◆ What needs to be done:
Could you give the records below again exactly, without the pictures?

- - -

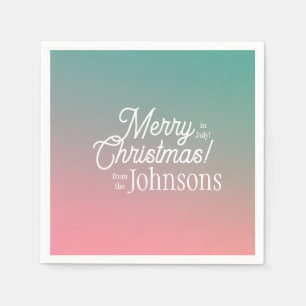 Weihnachten im Juli Pink Grün Ombre Party Serviette
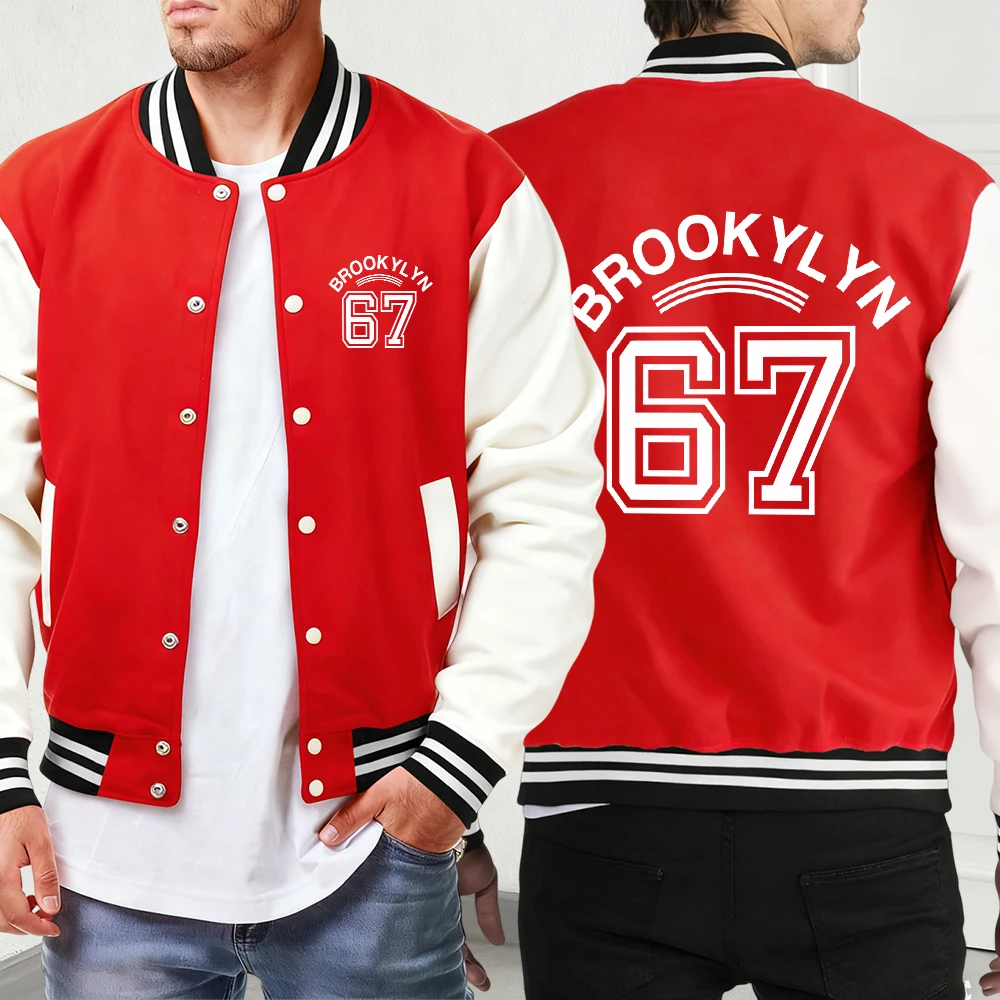 

Brooklyn Letter 67 Art Print Autumn Street Jackets Mens Basics Button Clothes Oversized Vintage Veste Sport Soft Baseball Jersey
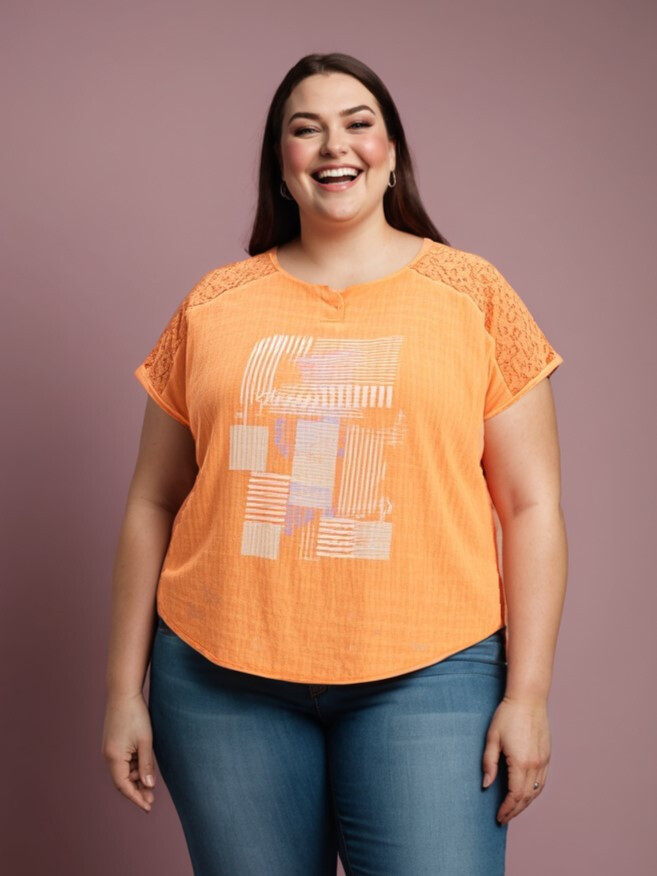 Großhändler Pomme Rouge Paris - Orange T-Shirt in Übergröße (C8011)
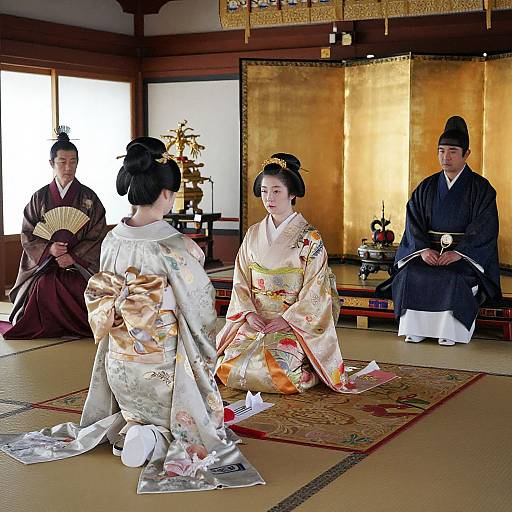 Photograph of traditional Japanese tea ceremony: two women in colorful kimonos, a seated man in black hakama, and another man with a fan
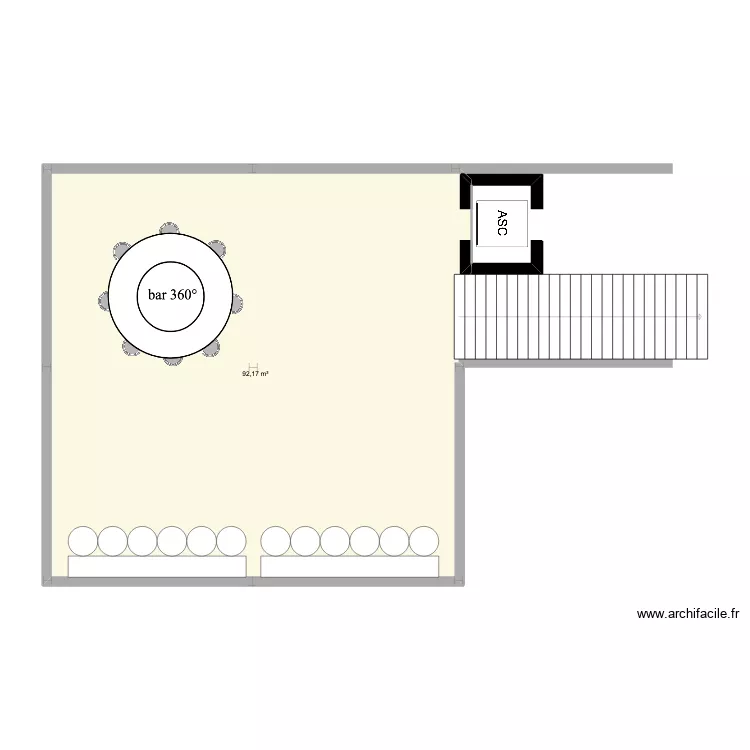 etage projet. Plan de 1 pièce et 92 m²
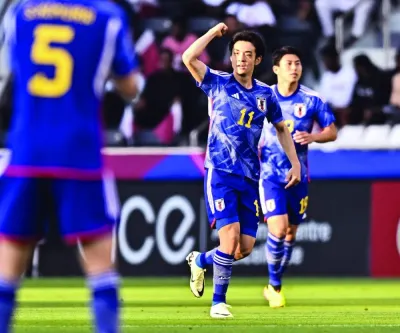 Japan’s Fuki Yamada celebrates after scoring a goal in extra time against Qatar on Thursday.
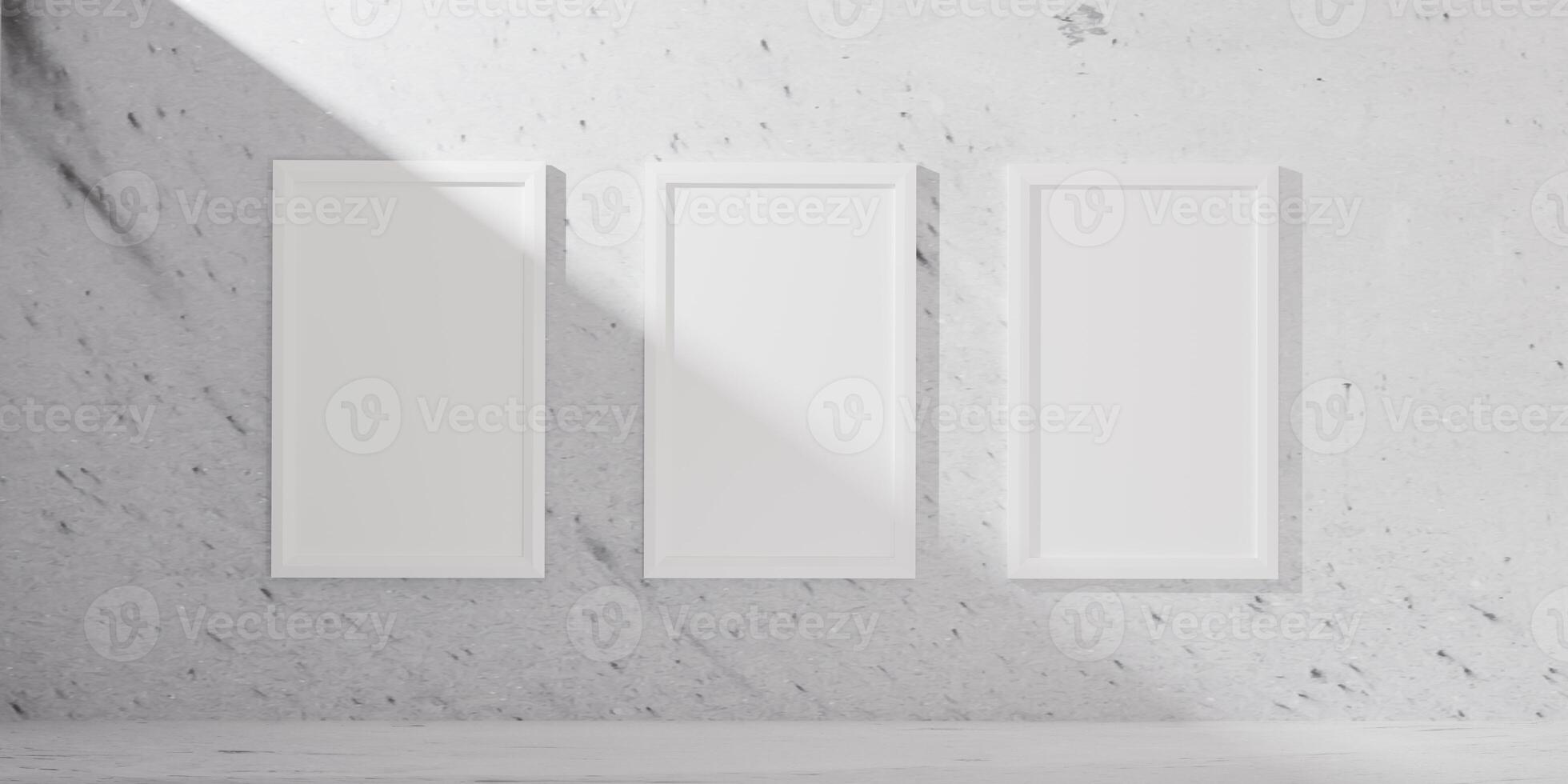 3D render of a minimalist room with three vertical white poster frames on a textured wall. A clean, modern interior perfect for showcasing prints, artwork, or creative displays in a stylish setting. photo
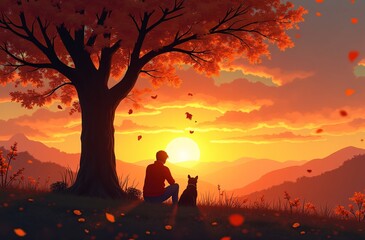 serene sunset, person and dog, under tree, autumn colors, emotional connection, nature retreat, peaceful moment, copy space available, versatile for lifestyle and pet branding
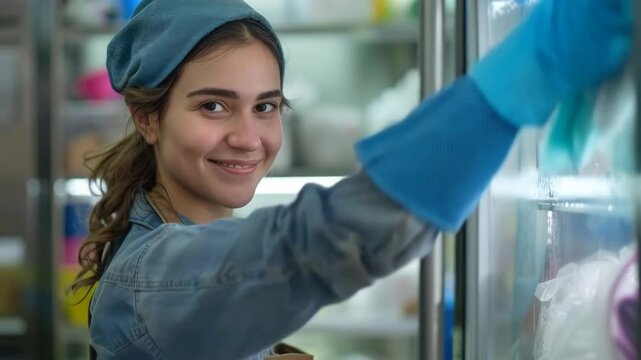 Smiling Woman Reaching for Products in a Supermarket Freezer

- - -

◆ Your solution:
 Weihnachten im Juli Pink Grün Ombre Party Serviette

Brooklyn Letter 67 Art Print Autumn Street Jackets Mens Basics Button Clothes Oversized Vintage Veste Sport Soft Baseball Jersey
 Großhändler Pomme Rouge Paris - Orange T-Shirt in Übergröße (C8011)
 Photograph of traditional Japanese tea ceremony: two women in colorful kimonos, a seated man in black hakama, and another man with a fan
 etage projet. Plan de 1 pièce et 92 m²
 Japan’s Fuki Yamada celebrates after scoring a goal in extra time against Qatar on Thursday.
 3D render of a minimalist room with three vertical white poster frames on a textured wall. A clean, modern interior perfect for showcasing prints, artwork, or creative displays in a stylish setting. photo
 serene sunset, person and dog, under tree, autumn colors, emotional connection, nature retreat, peaceful moment, copy space available, versatile for lifestyle and pet branding
 Smiling Woman Reaching for Products in a Supermarket Freezer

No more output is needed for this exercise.